• [WHAT THIS TASK INVOLVES]: Please write out exactly the line containing "泡药酒需要注意哪些问题" below and every line after it, through the last one, but leave out any pictures.

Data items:

════════════════

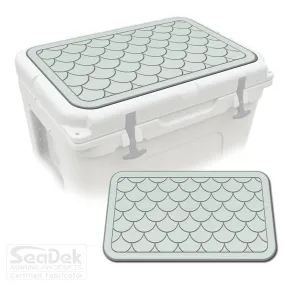 SCALES - SF/SG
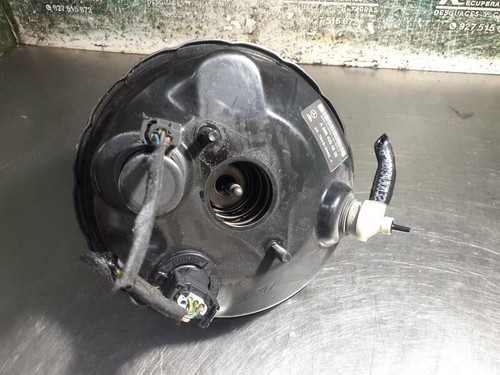 A0054304830 servo frein pour - a0054304830,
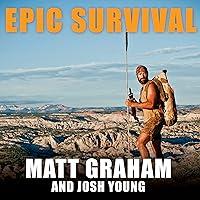 Algopix Similar Product 16 - Epic Survival Extreme Adventure Stone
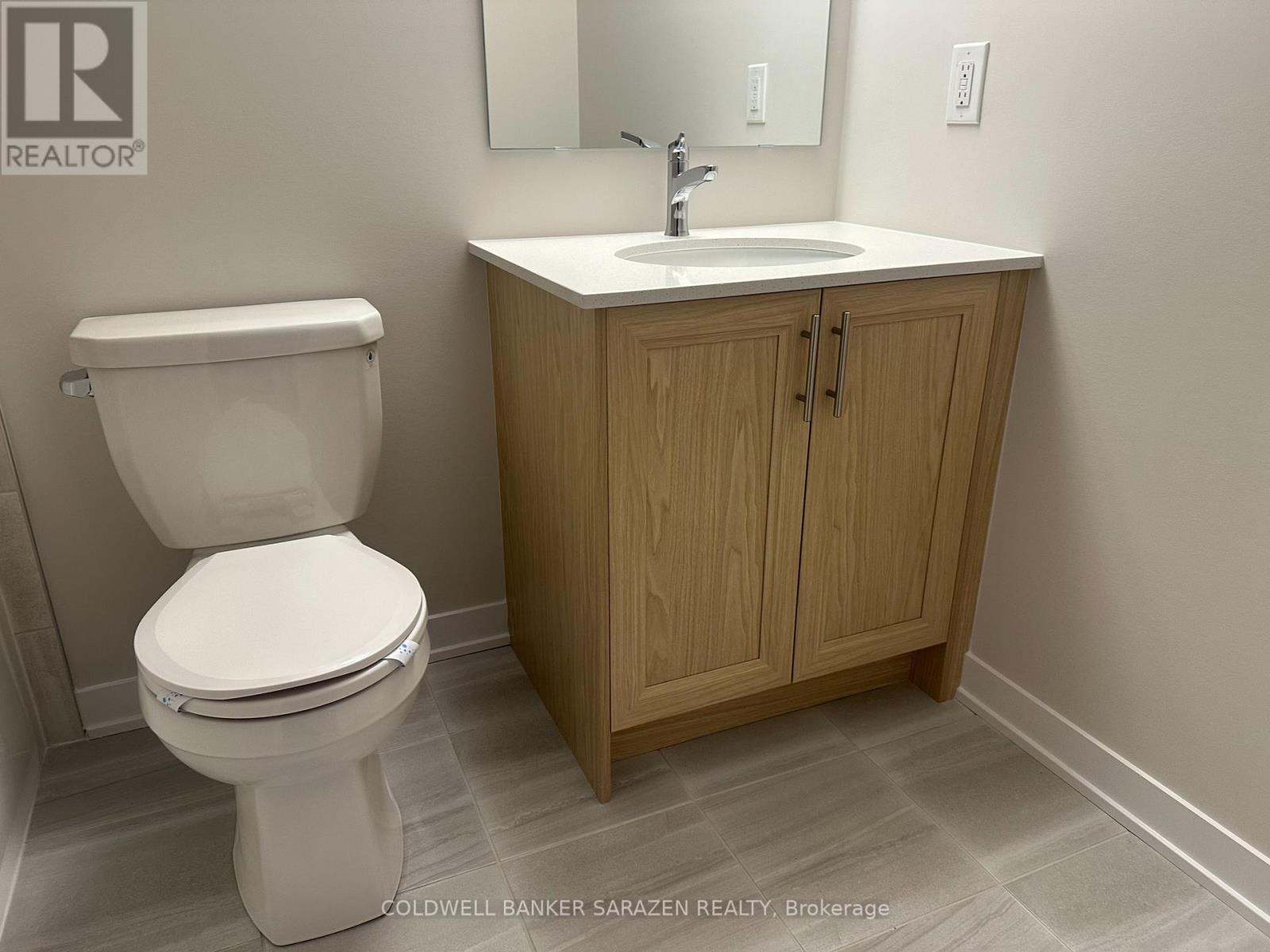 417 Les Emmerson Drive, Ottawa, Ontario  K2J 7L7 - Photo 21 - X12828864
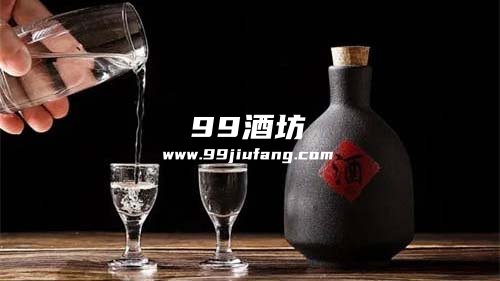 泡药酒需要注意哪些问题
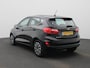 Ford Fiesta 1.0 EcoBoost Titanium | APPLE CARPLAY - ANDROID AUTO | CLIMATE CONTROL | CRUISE CONTROL | PARKEERSENSOREN | LANE ASSIST |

════════════════

• [ANSWER BOX]:
 泡药酒需要注意哪些问题
 Ford Fiesta 1.0 EcoBoost Titanium | APPLE CARPLAY - ANDROID AUTO | CLIMATE CONTROL | CRUISE CONTROL | PARKEERSENSOREN | LANE ASSIST |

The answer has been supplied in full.